Are you really saying that is the same as giving all your worldly goods to the poor?

You're stuck on the relativity-

Everyone has a slightly different set of rules, thus, both can be good, bad, or neither.  Our minds have two parts, one reflexive, and one rational.  The reflexive is used to dodge objects and make split-second decisions (live commodity futures trading, for example).  This reflexive brain is streamlined, and lightning fast.  It can also be extremly precise, with little information.  The higher, rational brain is capable of empathy, and allows for 'noble' actions, such as rushing into a burning building to save someone. 

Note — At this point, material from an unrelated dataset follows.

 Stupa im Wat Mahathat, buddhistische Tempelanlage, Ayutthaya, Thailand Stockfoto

However, no true altruism exists, everything is always quid-pro-quo, even when our reward brains reward us with endorphins (this reaction is triggered by taught values of actions). 

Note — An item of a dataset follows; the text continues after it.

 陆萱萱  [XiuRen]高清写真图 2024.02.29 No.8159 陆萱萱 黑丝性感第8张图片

For instnace, a friend of mine recently got suspeneded for doing something that made me fear for my life.  When the friend came back, the first thing out of my mouth was a mention of the event, and the second thing was my foot.  My friend ran out of the room, crying.  At the precise moment that I made my reply, there was no moral judgement, simply an attempt by my body to assure that my genes would be passed on to future generations.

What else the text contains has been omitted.